The influx of western ideology also affected what was known as the ghazi ideal. This was the idea that the Ottomans were militarily and culturally superior than their European neighbors. While European influence on Ottoman life grew, the idea of a ghazi ideal diminished. The Ottoman military was known to have lost its reputation as a powerful force, and in the 19th century, was barely functional at times. Along with the loss of the military's good reputation, came the diminished reputation of the İlmiye. They were looked upon as conservatives who were unwilling to change, which affected them very negatively during the reform period of the 1800s. Because of this, their influence shrank even more, and the administrative and imperial institutions gained higher statuses.

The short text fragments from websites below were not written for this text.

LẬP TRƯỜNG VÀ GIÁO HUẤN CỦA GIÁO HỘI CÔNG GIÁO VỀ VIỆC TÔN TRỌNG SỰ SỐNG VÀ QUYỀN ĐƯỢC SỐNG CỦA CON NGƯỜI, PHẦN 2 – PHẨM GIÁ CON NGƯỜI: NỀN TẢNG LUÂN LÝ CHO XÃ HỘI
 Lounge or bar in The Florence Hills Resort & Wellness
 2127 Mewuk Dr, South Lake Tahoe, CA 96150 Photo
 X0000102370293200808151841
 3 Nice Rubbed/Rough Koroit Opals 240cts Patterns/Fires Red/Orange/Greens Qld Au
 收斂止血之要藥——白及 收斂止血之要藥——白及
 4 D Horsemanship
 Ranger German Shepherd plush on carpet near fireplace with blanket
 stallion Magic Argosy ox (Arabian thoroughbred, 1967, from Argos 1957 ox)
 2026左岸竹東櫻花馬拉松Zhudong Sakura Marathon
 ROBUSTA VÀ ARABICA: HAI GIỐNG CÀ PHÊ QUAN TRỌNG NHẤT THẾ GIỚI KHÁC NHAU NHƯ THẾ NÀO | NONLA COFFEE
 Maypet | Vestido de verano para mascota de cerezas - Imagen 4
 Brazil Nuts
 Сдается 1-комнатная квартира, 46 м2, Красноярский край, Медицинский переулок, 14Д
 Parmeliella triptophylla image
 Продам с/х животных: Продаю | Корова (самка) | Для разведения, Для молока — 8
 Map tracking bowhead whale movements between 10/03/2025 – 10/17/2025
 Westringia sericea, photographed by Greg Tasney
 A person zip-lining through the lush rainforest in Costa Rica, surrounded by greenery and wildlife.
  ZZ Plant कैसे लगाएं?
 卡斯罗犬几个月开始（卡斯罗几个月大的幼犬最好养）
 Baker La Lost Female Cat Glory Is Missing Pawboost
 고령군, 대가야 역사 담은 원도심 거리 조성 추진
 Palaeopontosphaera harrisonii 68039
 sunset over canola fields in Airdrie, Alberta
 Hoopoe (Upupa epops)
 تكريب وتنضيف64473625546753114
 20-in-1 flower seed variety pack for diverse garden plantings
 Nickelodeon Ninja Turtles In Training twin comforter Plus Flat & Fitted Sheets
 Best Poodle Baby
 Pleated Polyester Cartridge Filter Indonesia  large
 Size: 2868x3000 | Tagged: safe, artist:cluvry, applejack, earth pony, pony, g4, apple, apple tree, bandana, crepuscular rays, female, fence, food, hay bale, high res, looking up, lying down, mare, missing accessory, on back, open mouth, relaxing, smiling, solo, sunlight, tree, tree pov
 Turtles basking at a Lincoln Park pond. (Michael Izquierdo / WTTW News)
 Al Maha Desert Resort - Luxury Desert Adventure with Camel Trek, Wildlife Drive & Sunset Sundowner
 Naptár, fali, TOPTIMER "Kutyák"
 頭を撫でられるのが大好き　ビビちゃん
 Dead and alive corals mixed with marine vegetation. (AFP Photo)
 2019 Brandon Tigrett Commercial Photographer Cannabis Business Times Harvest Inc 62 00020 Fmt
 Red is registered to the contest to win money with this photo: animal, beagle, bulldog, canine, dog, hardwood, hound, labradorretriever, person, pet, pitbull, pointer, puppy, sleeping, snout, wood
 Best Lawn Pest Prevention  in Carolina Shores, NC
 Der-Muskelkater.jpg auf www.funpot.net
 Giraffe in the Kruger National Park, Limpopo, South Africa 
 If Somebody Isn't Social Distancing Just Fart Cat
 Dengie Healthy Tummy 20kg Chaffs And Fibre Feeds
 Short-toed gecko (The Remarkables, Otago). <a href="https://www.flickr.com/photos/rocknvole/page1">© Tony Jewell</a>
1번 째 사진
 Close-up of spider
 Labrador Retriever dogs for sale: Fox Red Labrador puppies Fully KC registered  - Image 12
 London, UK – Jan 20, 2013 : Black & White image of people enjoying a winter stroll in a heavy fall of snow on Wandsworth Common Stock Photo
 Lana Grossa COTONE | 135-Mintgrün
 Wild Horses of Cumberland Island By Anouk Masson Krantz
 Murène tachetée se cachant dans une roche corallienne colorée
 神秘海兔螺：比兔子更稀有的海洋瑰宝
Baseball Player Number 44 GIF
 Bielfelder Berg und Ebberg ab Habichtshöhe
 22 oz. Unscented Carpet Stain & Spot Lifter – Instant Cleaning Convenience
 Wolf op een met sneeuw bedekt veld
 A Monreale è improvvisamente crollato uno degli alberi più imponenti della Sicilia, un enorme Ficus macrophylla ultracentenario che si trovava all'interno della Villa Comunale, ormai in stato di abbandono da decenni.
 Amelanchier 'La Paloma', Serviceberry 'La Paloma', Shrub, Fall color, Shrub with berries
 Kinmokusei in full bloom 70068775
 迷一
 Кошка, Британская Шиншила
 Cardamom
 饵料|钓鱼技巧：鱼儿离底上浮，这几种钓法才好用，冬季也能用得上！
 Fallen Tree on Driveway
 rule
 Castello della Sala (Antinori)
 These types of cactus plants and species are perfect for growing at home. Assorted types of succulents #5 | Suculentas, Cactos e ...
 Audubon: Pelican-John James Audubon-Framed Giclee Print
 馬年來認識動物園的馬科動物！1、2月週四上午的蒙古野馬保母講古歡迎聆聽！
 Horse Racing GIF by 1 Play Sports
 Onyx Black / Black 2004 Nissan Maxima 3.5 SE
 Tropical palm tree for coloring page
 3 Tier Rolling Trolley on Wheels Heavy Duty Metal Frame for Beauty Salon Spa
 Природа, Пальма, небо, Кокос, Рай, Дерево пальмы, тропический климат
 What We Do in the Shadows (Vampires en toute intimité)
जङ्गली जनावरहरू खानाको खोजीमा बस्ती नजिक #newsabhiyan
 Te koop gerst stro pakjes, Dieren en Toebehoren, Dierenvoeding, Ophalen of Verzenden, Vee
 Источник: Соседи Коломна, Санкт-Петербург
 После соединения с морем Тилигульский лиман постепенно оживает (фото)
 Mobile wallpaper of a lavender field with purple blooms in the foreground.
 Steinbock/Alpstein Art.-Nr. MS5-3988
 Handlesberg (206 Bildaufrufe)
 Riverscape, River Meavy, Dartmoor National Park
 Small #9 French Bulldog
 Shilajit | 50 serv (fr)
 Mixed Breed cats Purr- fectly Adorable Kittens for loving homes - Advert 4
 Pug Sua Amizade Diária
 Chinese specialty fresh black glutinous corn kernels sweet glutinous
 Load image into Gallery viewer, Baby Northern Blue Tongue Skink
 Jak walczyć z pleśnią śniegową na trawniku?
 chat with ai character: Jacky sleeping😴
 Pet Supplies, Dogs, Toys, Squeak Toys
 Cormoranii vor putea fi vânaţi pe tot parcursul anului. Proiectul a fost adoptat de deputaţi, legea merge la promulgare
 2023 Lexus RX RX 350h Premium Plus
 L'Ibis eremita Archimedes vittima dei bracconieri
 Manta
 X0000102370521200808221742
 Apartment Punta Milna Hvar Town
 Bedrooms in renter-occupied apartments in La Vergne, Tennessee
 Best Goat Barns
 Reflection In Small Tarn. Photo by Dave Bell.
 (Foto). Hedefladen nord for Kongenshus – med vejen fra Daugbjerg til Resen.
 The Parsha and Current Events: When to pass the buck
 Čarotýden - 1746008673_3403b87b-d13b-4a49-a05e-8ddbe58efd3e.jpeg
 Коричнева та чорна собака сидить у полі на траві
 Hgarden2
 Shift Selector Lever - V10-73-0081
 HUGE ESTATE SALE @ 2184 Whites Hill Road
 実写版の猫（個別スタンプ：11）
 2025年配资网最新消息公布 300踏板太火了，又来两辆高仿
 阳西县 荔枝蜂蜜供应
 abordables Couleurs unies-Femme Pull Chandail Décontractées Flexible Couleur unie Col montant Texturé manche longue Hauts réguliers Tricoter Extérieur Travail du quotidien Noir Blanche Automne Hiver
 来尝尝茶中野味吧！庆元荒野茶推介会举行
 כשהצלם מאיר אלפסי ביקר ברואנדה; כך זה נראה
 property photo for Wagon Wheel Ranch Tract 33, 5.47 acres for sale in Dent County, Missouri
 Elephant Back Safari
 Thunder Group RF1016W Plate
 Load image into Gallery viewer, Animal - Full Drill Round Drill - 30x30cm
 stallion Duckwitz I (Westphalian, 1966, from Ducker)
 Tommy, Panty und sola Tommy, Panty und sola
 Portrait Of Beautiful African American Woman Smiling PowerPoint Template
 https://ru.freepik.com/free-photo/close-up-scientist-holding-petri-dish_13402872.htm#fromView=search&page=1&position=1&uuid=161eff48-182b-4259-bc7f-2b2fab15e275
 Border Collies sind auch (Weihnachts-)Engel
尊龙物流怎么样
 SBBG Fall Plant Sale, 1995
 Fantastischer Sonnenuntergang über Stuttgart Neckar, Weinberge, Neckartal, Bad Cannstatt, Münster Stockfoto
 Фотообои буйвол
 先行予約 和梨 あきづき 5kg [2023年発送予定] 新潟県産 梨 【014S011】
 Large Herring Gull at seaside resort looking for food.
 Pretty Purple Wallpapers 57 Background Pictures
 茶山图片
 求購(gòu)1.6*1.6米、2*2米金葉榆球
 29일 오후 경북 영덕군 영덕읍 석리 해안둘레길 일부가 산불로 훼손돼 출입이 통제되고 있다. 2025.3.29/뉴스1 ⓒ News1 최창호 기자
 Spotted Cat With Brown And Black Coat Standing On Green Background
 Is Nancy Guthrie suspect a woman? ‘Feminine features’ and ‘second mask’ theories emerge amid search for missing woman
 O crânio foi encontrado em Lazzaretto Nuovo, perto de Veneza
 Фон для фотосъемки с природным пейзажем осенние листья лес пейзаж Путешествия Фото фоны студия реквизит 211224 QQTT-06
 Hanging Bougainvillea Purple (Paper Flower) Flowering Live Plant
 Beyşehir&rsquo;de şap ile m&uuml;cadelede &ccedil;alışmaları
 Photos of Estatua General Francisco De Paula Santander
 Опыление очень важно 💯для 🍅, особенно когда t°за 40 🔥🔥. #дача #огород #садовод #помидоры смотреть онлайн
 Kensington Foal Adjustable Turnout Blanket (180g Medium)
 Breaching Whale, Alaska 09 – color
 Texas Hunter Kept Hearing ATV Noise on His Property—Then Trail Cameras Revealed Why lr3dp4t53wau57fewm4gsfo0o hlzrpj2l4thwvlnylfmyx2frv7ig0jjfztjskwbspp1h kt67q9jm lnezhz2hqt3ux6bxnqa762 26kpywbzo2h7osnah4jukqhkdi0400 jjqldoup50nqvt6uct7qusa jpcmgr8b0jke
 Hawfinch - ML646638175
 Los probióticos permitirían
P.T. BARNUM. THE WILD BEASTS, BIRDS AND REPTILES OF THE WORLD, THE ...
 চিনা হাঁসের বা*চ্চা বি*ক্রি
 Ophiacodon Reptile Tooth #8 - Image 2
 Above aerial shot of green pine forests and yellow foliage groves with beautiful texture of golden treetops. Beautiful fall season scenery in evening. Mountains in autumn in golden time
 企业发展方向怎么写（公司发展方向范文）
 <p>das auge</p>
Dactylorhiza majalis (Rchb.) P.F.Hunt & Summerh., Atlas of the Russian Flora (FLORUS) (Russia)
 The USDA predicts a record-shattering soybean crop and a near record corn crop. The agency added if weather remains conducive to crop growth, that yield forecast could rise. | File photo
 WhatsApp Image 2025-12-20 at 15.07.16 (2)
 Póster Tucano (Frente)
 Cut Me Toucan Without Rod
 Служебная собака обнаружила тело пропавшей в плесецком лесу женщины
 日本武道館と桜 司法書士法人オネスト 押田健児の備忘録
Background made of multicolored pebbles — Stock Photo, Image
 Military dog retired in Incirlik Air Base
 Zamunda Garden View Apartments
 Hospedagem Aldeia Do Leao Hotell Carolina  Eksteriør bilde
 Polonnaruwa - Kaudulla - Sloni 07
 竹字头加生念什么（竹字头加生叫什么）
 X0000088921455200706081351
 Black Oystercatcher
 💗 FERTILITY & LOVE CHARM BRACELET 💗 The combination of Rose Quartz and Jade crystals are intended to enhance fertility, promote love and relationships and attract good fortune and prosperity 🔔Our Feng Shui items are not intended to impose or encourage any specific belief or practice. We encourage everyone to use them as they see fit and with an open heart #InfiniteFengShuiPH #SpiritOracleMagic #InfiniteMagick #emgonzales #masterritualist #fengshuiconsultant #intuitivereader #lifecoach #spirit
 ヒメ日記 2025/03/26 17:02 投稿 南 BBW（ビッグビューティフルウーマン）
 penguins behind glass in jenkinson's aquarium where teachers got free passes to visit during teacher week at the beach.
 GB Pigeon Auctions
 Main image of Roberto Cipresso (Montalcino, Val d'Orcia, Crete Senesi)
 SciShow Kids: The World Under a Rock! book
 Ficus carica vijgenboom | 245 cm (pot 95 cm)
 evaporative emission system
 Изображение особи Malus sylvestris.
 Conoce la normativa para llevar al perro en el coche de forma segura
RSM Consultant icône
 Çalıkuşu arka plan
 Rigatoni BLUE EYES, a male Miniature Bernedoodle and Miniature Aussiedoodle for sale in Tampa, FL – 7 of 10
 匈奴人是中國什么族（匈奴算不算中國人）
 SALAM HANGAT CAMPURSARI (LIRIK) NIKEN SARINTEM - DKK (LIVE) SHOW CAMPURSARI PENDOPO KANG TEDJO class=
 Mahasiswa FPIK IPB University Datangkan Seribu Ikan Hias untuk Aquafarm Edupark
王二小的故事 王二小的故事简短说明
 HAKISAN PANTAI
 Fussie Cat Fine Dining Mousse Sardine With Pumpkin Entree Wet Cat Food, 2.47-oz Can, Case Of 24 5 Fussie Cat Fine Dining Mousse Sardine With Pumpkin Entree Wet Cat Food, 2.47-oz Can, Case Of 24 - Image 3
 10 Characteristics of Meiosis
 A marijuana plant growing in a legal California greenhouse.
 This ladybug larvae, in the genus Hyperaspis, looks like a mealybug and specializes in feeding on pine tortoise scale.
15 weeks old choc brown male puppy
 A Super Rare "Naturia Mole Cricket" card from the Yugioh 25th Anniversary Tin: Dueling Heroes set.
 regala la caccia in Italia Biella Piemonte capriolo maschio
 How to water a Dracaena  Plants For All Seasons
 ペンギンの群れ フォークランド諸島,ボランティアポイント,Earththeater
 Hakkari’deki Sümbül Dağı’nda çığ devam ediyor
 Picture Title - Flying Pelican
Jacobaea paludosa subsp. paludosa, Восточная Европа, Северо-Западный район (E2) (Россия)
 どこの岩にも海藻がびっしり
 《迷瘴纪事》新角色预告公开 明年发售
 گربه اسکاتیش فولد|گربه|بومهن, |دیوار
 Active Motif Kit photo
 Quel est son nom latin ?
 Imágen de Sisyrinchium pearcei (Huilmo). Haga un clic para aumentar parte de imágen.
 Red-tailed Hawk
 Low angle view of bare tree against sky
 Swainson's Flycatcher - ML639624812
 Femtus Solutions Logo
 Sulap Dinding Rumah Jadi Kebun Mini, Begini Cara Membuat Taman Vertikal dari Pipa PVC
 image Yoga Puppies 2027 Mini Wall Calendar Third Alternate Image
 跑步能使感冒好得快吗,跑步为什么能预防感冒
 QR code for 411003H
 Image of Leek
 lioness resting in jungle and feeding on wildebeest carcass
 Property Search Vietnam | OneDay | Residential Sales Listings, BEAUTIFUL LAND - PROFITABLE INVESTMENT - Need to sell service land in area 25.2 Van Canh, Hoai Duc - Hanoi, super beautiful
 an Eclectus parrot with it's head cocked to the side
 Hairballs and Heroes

==The İlmiye and Education Reform==
The Ulema held a long-standing monopoly over the traditional educational institutions the mektebs, and the madrasas. So, by the time Education reform came to the forefront of the Ottoman goal to advance their society, they focused on making alternative schools known as ibtidai, or primary schools. Educational reformers founded these new primary schools as an attempt to provide their own influence on higher learning within the Empire, which they believed to be a superior learning experience, than those of the mektebs and madrases. They provided supplementary equipment, books and financing as part of their efforts. The introduction of these new schools provided prospective students with a choice between secular curriculum and a religious one. However, both systems proved to be inefficient, and both fell short of the standard that they were trying to achieve. Although there were many issues with education reform in the 19th century, the Ottomans did achieve in implementing a three-tiered school system that replaced the unorganized system of old. With the influence of the reformers, the government introduced a new plan in 1845, which include reformed Qur'anic mektebs, an intermediate level known as the rusdiye, and a university, known as dar ul-funun. The plan did not come to fruition right away, but throughout the 19th century, education in the Empire went through a great change. Although this was seen as a success, Ottomans were still well behind other reformers such as the Japanese. There proved to be many difficulties in the process. Many of the schools fell short of what was expected of them, leaving another stain on the reputation of the İlmiye and the Ulama.